## WORK TO BE COMPLETED
Leave out every picture and set down, exactly, the lines below from the one holding "Pageplus X4 by Serif Paperback" up to and including the one holding "Rönkä naudan maksapihvitaikina 0,5l pakaste".

## INFORMATION SHOWN
════════════════════
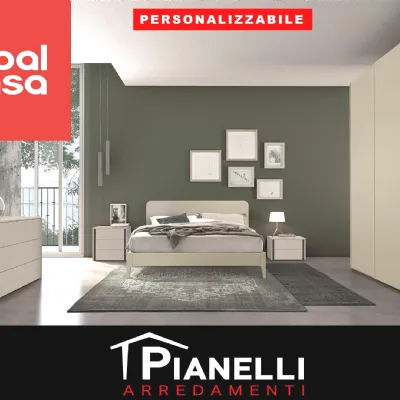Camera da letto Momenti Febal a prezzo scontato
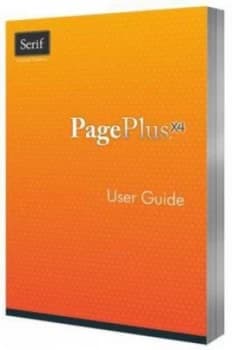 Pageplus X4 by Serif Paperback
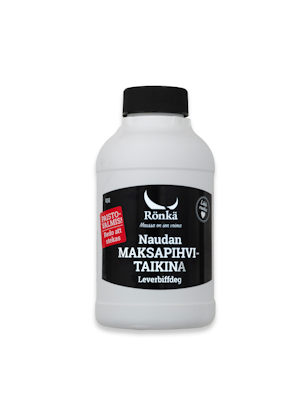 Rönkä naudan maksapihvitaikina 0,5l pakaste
════════════════════
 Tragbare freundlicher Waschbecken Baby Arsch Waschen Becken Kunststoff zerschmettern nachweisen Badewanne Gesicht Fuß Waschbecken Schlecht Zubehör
════════════════════
## EXPECTED ANSWER
 Pageplus X4 by Serif Paperback
 Rönkä naudan maksapihvitaikina 0,5l pakaste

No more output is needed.